Assignment:
Exact wording is needed for every line from the one holding "Capteur de température" to the end of the records below; write those lines out and omit the pictures.

Extracted entries:
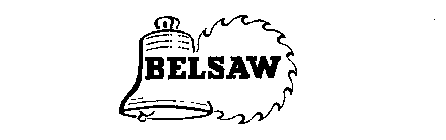 BELSAW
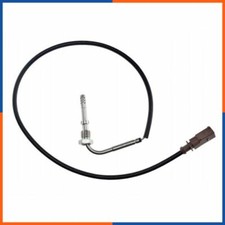 Capteur de température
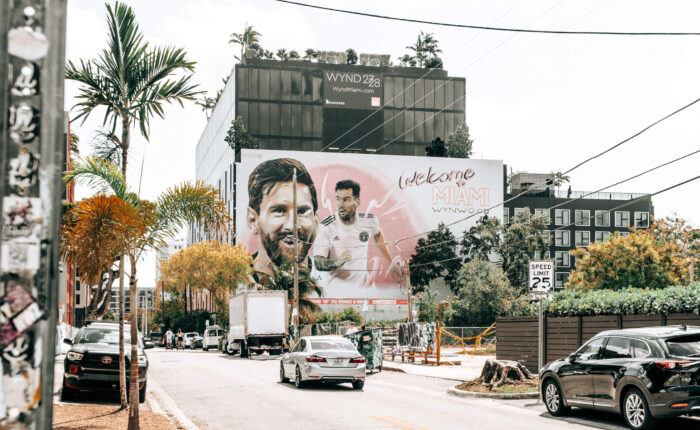 Best Wynwood Apartment Buildings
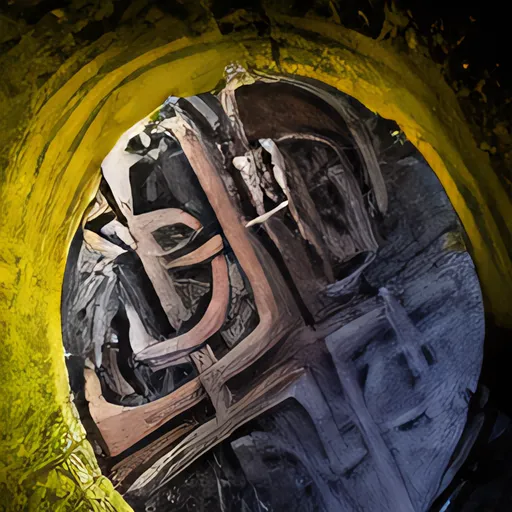 Ancestral Guard icon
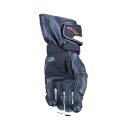 Five Gloves Handschuhe RFX4 EVO schwarz-weiss-rot
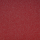 Rouge.png
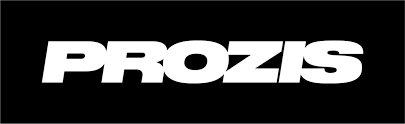 Prozis Coupon Codes Prozis Coupon Codes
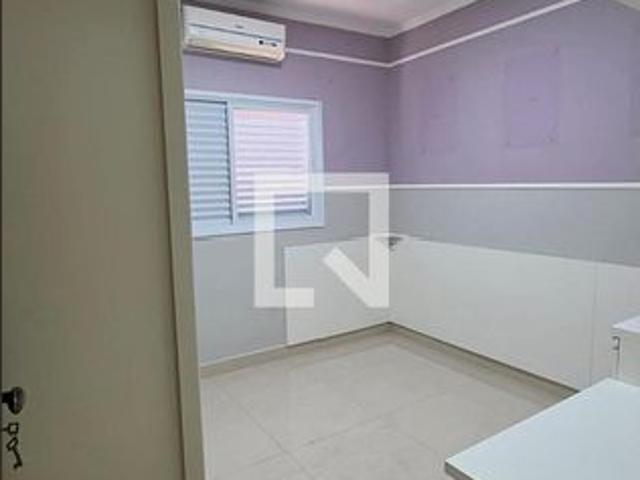 Casa, Jardim Santa Cruz, 3 Quartos, 342 m2 Campinas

Solution for this exercise:
 Capteur de température
 Best Wynwood Apartment Buildings
 Ancestral Guard icon
 Five Gloves Handschuhe RFX4 EVO schwarz-weiss-rot
 Rouge.png
 Prozis Coupon Codes Prozis Coupon Codes
 Casa, Jardim Santa Cruz, 3 Quartos, 342 m2 Campinas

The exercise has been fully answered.